■ Instructions to follow
Give again, exactly as written, the lines of the records below from the line with "DECOSTYLE Seljuk Pattern" to the line with "LELO SONA 3". Both end lines count; pictures do not.

■ Record extracts

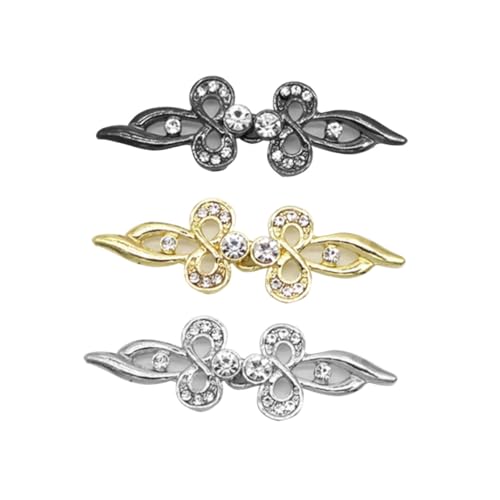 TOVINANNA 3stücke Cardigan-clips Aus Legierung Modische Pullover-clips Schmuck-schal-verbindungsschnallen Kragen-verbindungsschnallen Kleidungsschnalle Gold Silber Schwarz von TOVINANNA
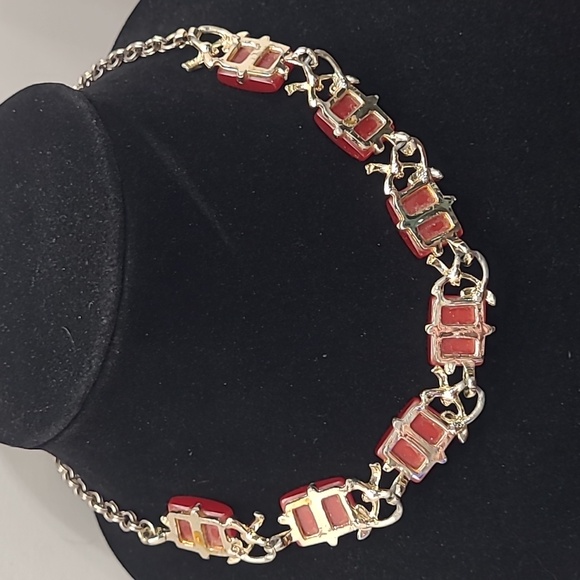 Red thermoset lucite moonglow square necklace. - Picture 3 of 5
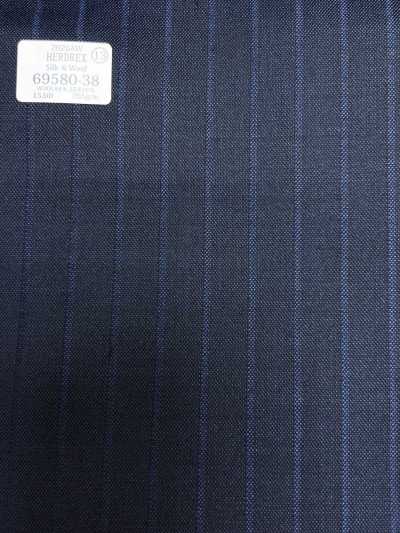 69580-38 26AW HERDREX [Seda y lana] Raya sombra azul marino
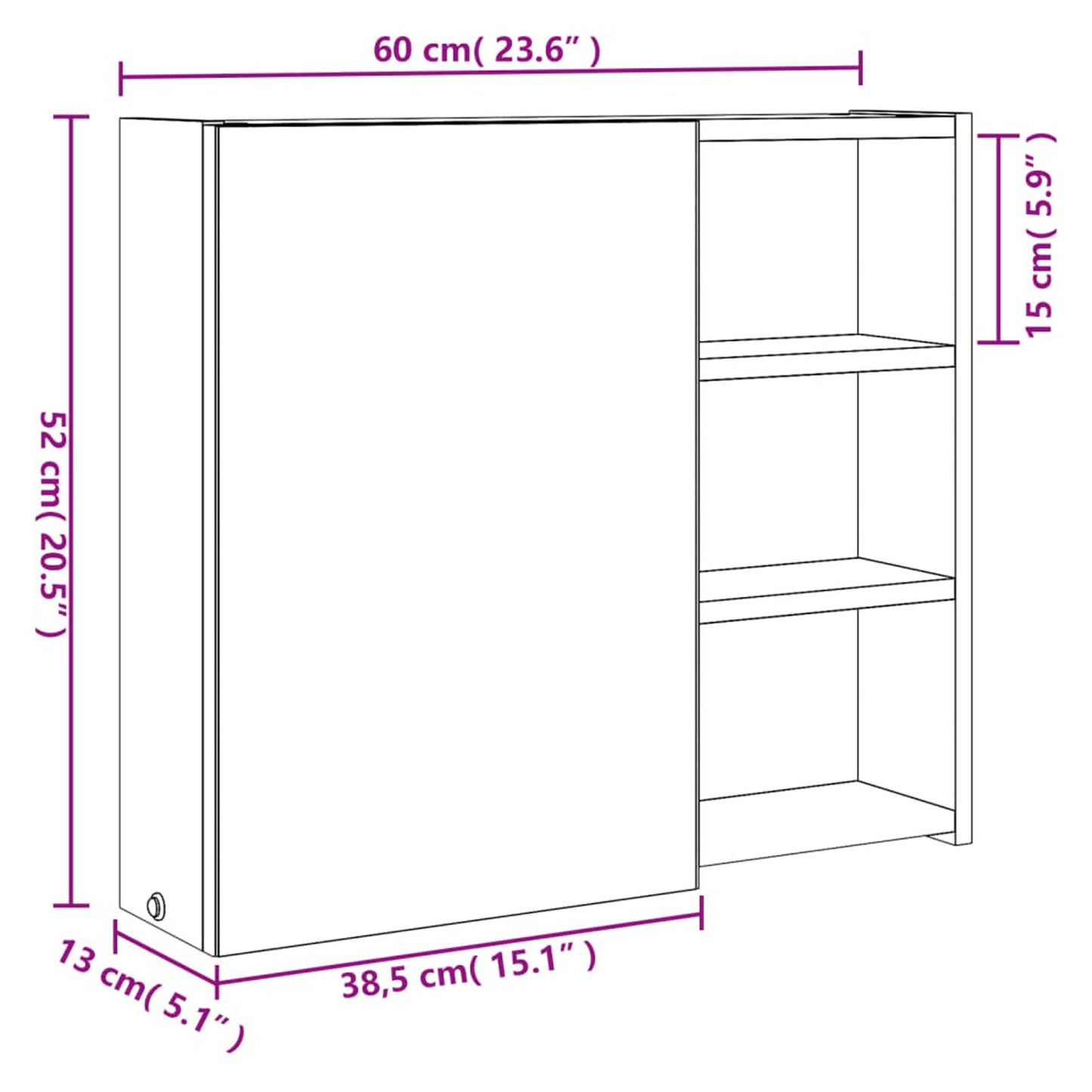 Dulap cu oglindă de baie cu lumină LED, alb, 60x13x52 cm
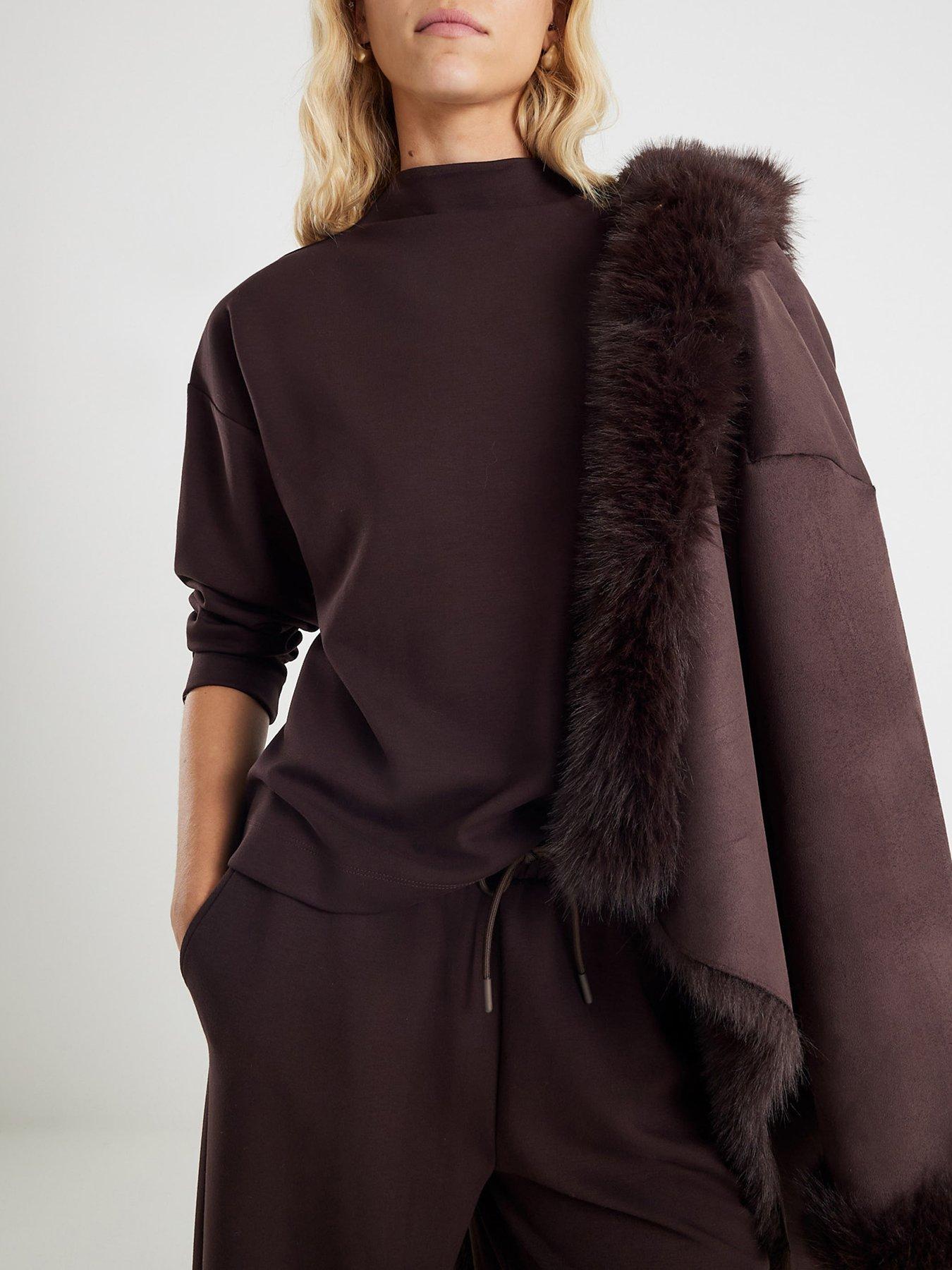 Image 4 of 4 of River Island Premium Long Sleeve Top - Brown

---

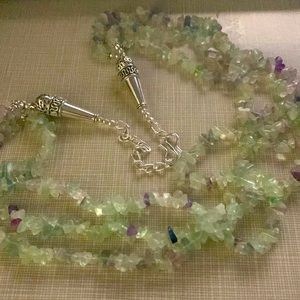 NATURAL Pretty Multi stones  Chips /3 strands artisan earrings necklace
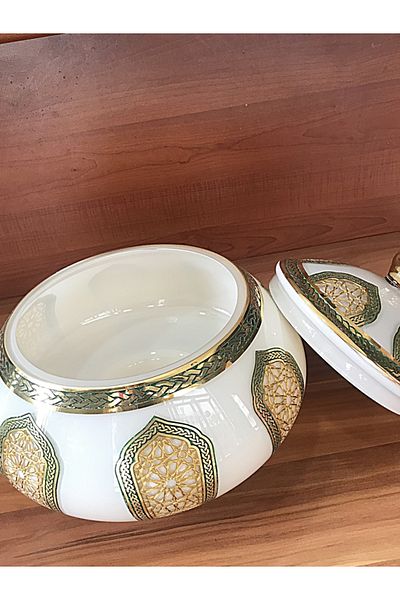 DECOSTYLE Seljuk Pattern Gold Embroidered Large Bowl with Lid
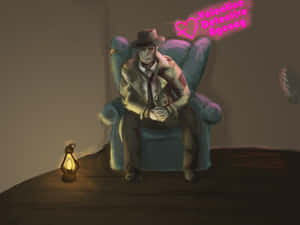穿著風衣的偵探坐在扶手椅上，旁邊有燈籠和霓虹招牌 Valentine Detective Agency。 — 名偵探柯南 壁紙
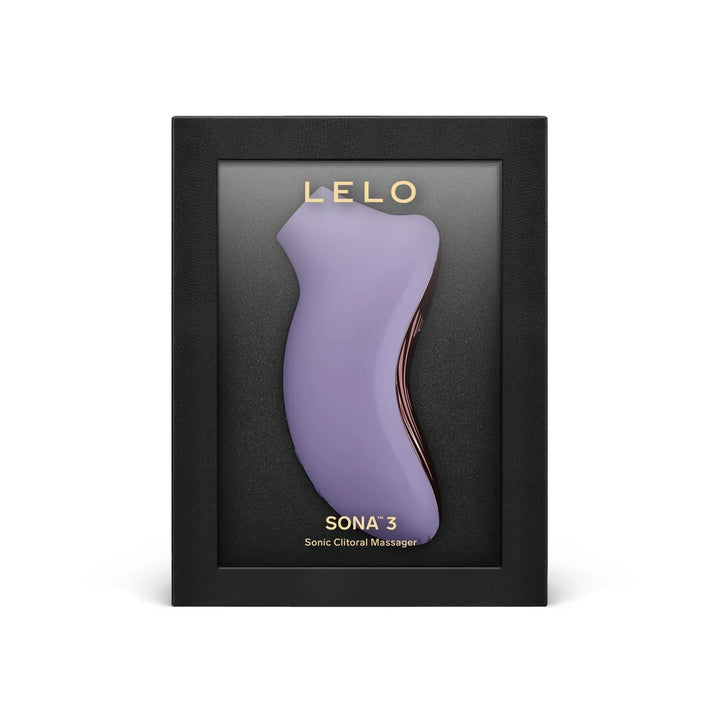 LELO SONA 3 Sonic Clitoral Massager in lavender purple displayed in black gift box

■ Response box
 DECOSTYLE Seljuk Pattern Gold Embroidered Large Bowl with Lid
穿著風衣的偵探坐在扶手椅上，旁邊有燈籠和霓虹招牌 Valentine Detective Agency。 — 名偵探柯南 壁紙
 LELO SONA 3 Sonic Clitoral Massager in lavender purple displayed in black gift box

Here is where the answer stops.